L’azione per lo yogi, è un’azione che va fatta al meglio, con tutte le capacità e abilità che abbiamo a disposizione, non va fatta con disinteresse, ma quest’azione realizzata al meglio, va fatta senza ricercare il risultato. Nella pratica un haṭha-yogi esercita il karma-yoga, lo yoga dell’azione. Lo haṭha-yoga utilizza il corpo, e tutti noi sappiamo che il corpo è fonte di grande condizionamento, tutti i processi mentali sono legati al corpo, quindi siamo ancora più a rischio di chi non lo utilizza, ma lo spirito del karma-yoga significa ricordare che noi questo corpo lo dobbiamo utilizzare al meglio, dobbiamo essere attenti a come ci nutriamo, a come ci alimentiamo, a prendere la posizione migliore che il nostro corpo ci consente ma al tempo stesso ricordare che questo corpo non ci appartiene, che non siamo noi a decidere la vita del nostro corpo, e che dobbiamo imparare ad amare il nostro corpo senza essere critici, giudicanti ma imparare invece ad essere accoglienti.
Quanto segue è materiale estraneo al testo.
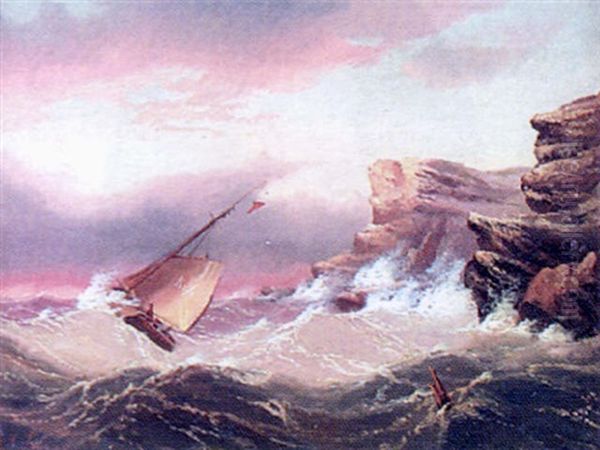 On A Lee Shore Oil Painting by Edward King Redmore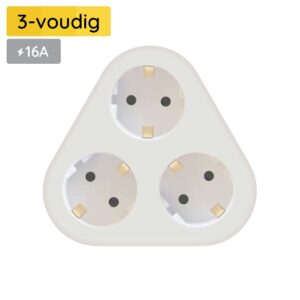 Technik Verdeelstekker Driehoek - 3-Voudig - Doorvoerstekker -  Stopcontact Splitter - Wit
Lo yogi nell’azione è estremamente vigile, attento al respiro, alle sensazioni del corpo, cosciente del risveglio dei processi egoici che nascono durante l’azione ma al tempo stesso impara a dimenticare se stesso. Non c’è disinteresse, noia, distrazione, lo yogi è totalmente nell’azione, centrato, in uno stato quasi meditativo. Dall’esterno la vita dello yogi potrebbe sembrare uguale a quella di qualsiasi essere umano, ma in realtà anche se le azioni sono le stesse ciò che importa è il sentimento e l’attitudine che guidano in lui l’azione. Non è l’azione che è importante, perché un’azione, anche un’azione di beneficenza, potrebbe nascondere un desiderio di riconoscimento e di grande gratificazione egoica. Le azioni possono essere tante e diverse ma senza cambiare la propria attitudine interiore non si raggiunge nessuna trasformazione significativa. Ciò che conta è svolgere un’azione con tutto il cuore, con tutta la nostra partecipazione, ma senza aspettarsi riconoscimenti e gratificazioni per ciò che facciamo, e allora siamo liberi, e ciò che arriva sono doni inaspettati. Si tratta di cambiare il nostro modo di vedere le cose e allora la pratica diventa una strategia per creare delle direzioni di pensiero, per guidare le nostre azioni e le nostre azioni sono gli āsana.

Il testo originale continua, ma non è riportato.